Chain Slings and their Various Configurations

When purchasing a chain sling, there will be various configurations available to make different lifts possible. The chains might have between one and four legs, and there are also different customisation options you can use to make the sling suitable for different lifts. All in all, chain slings are highly versatile and you will have many different options when choosing to purchase one for carrying out various lifting processes.

There are different capacities, configurations and options you will need to understand before purchasing a lifting sling, to make sure it’s right for the loads you’re lifting and will be completely safe. As with any lifting equipment, using a chain sling in the right way is essential for maintaining good health and safety practices. The right chain capacity and configuration should always be used to prevent dangerous situations arising and protect the people who are working with the chain slings.

Understanding chain sling grades – what do grade 6, grade 8, grade 10 and grade 12 mean in practice?

There are various lifting sling grades that you can choose from, and the grades will all mean different things in practice. Here’s a summary of the most popular grades and what they mean:

Grade 6 chain slings: there are chain slings available with capacities from 200kg to 12 tonnes on individual chain strands. They have an approximate 25% increase in capacity compared to the same nominal diameter in a G5 chain. They also have a larger hook mouth and narrower passage on the hook body.

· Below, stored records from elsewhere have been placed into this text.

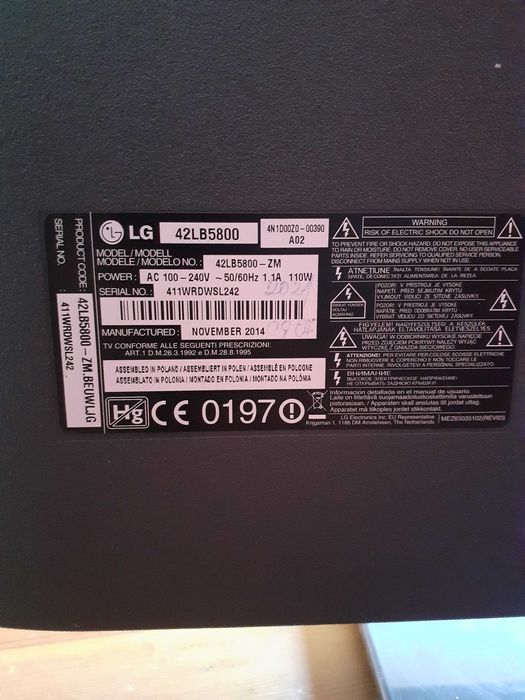 Телевизор за части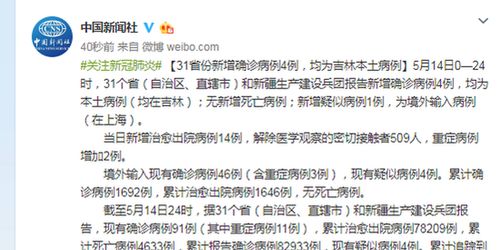 31省份新增5例本土病例-31省份新增本土6例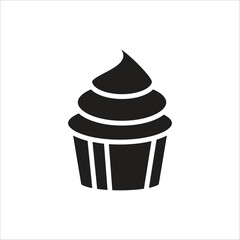 cup cake vector icon line template
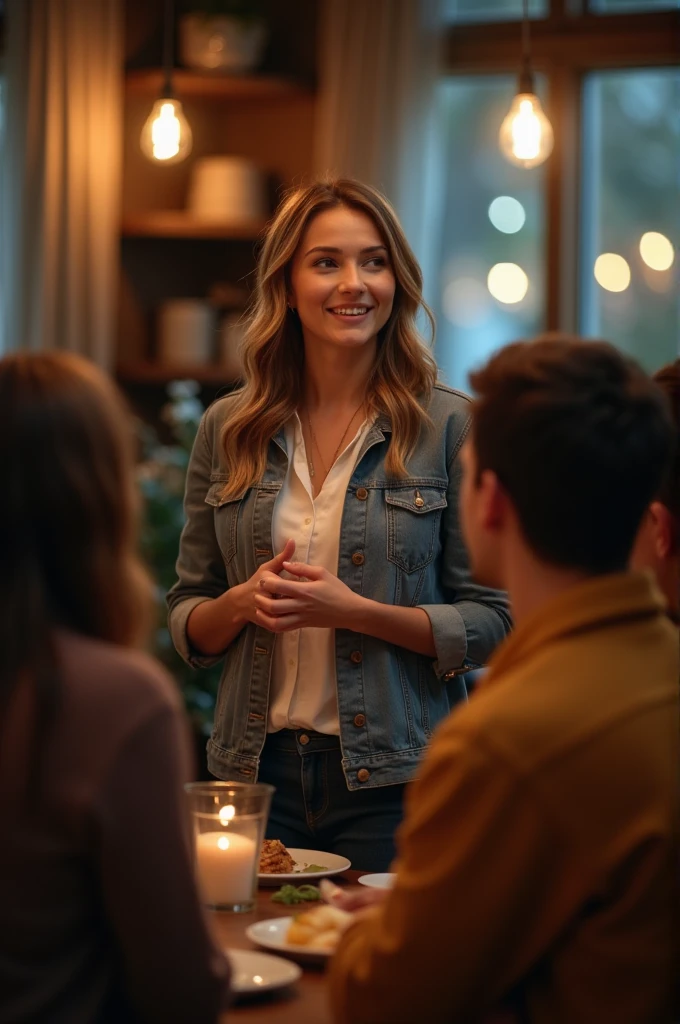"Imagine you're at a gathering with three friends—two girls and one boy. You need to speak to them loudly and clearly, explaining something important and motivating them. Think about the best way to get your message across effectively and inspiringly. What would you say to grab their attention and encourage them?"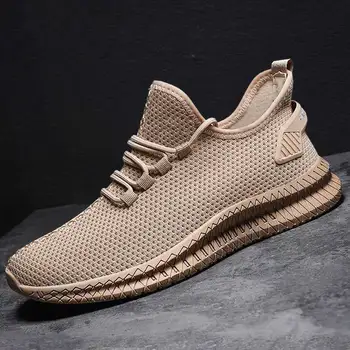

Men Mesh Shoes Sneakers Men Male Breathable Casual outdoor Driving shoes platform plush Men's Shoes Flats zapatillas hombre 2019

Grade 8 chain slings: you can have up to 8 tonnes safe working load, and there’s a 16mm chain link diameter.

Grade 10 chain slings: you will find a stronger construction, and a 25% higher working load limit than a grade 8 equivalent sling. However, they are still very lightweight when you buy the right brands, and are around 36% higher than the older models would have been. This makes them versatile and easy to use, even when completing intense lifts.

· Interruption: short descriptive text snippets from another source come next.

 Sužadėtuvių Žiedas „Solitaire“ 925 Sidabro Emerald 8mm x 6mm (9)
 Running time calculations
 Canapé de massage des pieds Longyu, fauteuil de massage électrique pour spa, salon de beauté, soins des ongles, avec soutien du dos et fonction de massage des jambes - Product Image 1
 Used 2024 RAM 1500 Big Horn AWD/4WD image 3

Grade 12 chain slings: whilst still lightweight, a grade 12 sling can offer 50% higher working limits than a grade 8 sling. The chains will likely be rugged and very durable, making lifting heavier loads easier.

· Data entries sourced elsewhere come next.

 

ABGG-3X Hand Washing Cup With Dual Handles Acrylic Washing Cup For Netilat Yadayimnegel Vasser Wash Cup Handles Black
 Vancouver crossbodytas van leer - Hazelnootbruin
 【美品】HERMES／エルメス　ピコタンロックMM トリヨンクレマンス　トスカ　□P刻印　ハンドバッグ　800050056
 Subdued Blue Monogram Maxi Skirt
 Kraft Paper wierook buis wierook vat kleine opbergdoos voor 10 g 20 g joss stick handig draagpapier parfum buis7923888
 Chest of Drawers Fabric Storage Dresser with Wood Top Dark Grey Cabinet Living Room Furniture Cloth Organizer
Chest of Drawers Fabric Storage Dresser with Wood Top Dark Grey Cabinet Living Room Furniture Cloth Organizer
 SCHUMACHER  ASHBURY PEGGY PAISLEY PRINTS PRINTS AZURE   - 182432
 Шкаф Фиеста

Customisation of chain slings – the different configurations and the options these give you

There are different points to consider when purchasing a chain sling. One of the main things you’ll notice is the colour – the finish will make the chain sling obvious even at a distance, improving safety practices. Orange and blue powder coated finishes are popular, giving increased visibility.

The other main option is the number of arms. Anything from one to four is possible, depending on the configuration that will best suit your processes. You can also include other customisation options, including shorteners for the legs, or load distributors that are fitted to the slings to make them more even. There is the choice of clevis or eye type components as well, depending on personal preference and the load types that will be lifted.